Le 12 août 2006, M. [F] et Mme [B] ont contracté mariage sous le régime de la séparation de biens.
Par acte notarié du 14 février 2014, les époux [F] [B] ont procédé aux opérations de liquidation et de partage de l'indivision. La maison d'habitation a été attribuée à Mme [B] à charge pour elle de régler le solde du prêt immobilier d'un montant de 99.074,24 euros et le solde du crédit travaux d'un montant de 8.812,30 euros, outre les frais du partage d'un montant de 8.450,46 euros et la soulte due à M. [F] d'un montant de 69.331,50 euros.
Le paiement des mensualités des prêts a été pris en charge par l'assurance de M. [F] à sa demande, à compter du 10 avril 2014, ce dernier ayant bénéficié d'arrêts de travail suite à un syndrome d'épuisement professionnel.
M. [F] est placé en invalidité partielle le 21 juillet 2016 avec effet au 1er juillet 2016, puis en invalidité totale et définitive, le 17 juillet 2018 avec effet au 1er juin 2018. L'organisme d'assurance CNP a pris le relais des paiements de Mme [B] à compter du 10 avril 2014.
Par acte du 4 mars 2020, M. [F] a assigné Mme [B] devant le juge aux affaires familiales en paiement au visa des articles 2224, 2236 et 1217 du code civil et sous le bénéfice de l'exécution provisoire :
- la somme de 102.166,15 euros avec intérêts au taux légal à compter du 13 février 2020, à titre de dommages et intérêts en raison de l'inexécution de ses obligations contractuelles,
- à titre subsidiaire, la somme de 152.166,15 euros au titre de l'indemnité compensatrice de l'enrichissement sans cause dont elle a bénéficié, et à titre infiniment subsidiaire au paiement d'une somme de 102.166,15 euros au titre de l'indemnité compensatrice de l'enrichissement sans cause dont elle a bénéficié,
- la somme de 2.000 euros en application de l'article 700 du code de procédure civile outre les entiers dépens.
Par jugement du 26 janvier 2021, le juge aux affaires familiales s'est déclaré incompétent au profit du tribunal judiciaire d'AUCH.
Par jugement du 20 avril 2022, le tribunal judiciaire d'AUCH a :
- débouté M. [I] [F] de ses demandes,
- l'a condamné à verser à Mme [C] [B] la somme de 2.500 euros au titre de l'article 700 du code de procédure civile
- l'a condamné au paiement des entiers dépens
- rappelé que la décision est de droit exécutoire à titre provisoire.
Mme [B] demande à la cour de :
- rejeter les conclusions adverses comme injustes et en tout cas mal fondées,
- débouter M. [F] de ses demandes,
- condamner M. [F] à une amende civile de 5.000 euros,
- condamner M. [F] à lui payer la somme de 3.000 euros à titre de dommages et intérêts,
- condamner M. [F] à lui payer la somme de 4.000 euros sur le fondement de l'article 700 du code de procédure civile, outre aux entiers dépens de l'instance.
Il est fait renvoi aux écritures des parties pour plus ample exposé des éléments de la cause, des prétentions et moyens des parties, conformément aux dispositions de l'article 455 du code de procédure civile.
MOTIFS DE LA DÉCISION :
1- Sur les conclusions de l'intimée :
Aux termes de l'article 542 du code de procédure civile, l'appel tend, par la critique du jugement rendu par une juridiction du premier degré, à sa réformation ou à son annulation par la cour d'appel.

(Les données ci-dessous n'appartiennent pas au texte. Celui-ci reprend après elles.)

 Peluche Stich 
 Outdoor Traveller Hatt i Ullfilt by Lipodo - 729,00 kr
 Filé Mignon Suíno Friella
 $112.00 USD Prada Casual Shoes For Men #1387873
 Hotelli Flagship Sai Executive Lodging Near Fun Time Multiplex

Aux termes de l'article 954 du code de procédure civile, les conclusions d'appel (...) doivent formuler expressément les prétentions des parties et les moyens de fait et de droit sur lesquels chacune de ces prétentions est fondée avec indication pour chaque prétention des pièces invoquées et de leur numérotation. (...) Les conclusions comprennent distinctement un exposé des faits et de la procédure, l'énoncé des chefs de jugement critiqués, une discussion des prétentions et des moyens ainsi qu'un dispositif récapitulant les prétentions (...). La cour ne statue que sur les prétentions énoncées au dispositif et n'examine les moyens au soutien de ces prétentions que s'ils sont invoqués dans la discussion. (...) La partie qui conclut à l'infirmation du jugement doit expressément énoncer les moyens qu'elle invoque sans pouvoir procéder par voie de référence à ses conclusions de première instance. (...)

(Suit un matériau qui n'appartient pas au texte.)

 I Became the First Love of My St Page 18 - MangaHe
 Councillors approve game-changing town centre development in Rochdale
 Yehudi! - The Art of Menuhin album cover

Il résulte des articles 542 et 954 du code de procédure civile que lorsque l'appelant ne demande dans le dispositif de ses conclusions ni l'infirmation ni l'annulation du jugement, la cour d'appel ne peut que confirmer le jugement.
Le dispositif des conclusions successives de l'intimée est rédigé dans les termes suivants :
- rejeter les conclusions adverses comme injustes et en tout cas mal fondées,
- débouter M. [F] de ses demandes,
- condamner M. [F] à une amende civile de 5.000 euros,
- condamner M. [F] à lui payer la somme de 3.000 euros à titre de dommages et intérêts,
- condamner M. [F] à lui payer la somme de 4.000 euros sur le fondement de l'article 700 du code de procédure civile, outre aux entiers dépens de l'instance.
Ces conclusions de l'intimée comportent un dispositif qui ne conclut ni à la confirmation ni à l'infirmation du jugement déféré ; la cour ne peut que confirmer le jugement des chefs visés dans les conclusions de l'intimée et rejeter sa demande en paiement d'une amende civile et dommages intérêts.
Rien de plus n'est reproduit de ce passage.